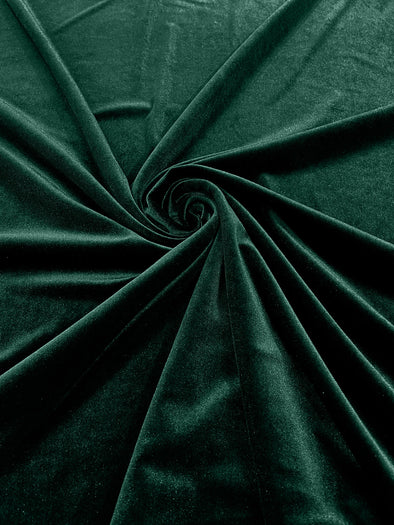 Hunter Green 60" Wide 90% Polyester 10 percent Spandex Stretch Velvet Fabric for Sewing Apparel Costumes Craft, Sold By The Yard.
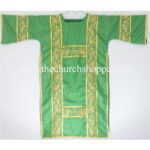 GREEN GOTHIC DALMATIC VESTMENT WITH DEACON’S STOLE AND MANIPLE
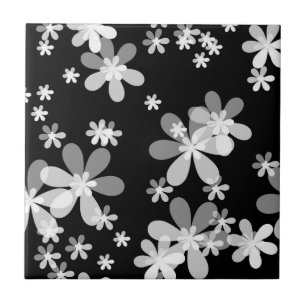 Azulejo blanco negro floral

• **INSTRUCTIONS TO FOLLOW**: The response should restate the material above word for word and contain no pictures.

• **PROBLEM SOLUTION**:
 Hunter Green 60" Wide 90% Polyester 10 percent Spandex Stretch Velvet Fabric for Sewing Apparel Costumes Craft, Sold By The Yard.
 GREEN GOTHIC DALMATIC VESTMENT WITH DEACON’S STOLE AND MANIPLE
 Azulejo blanco negro floral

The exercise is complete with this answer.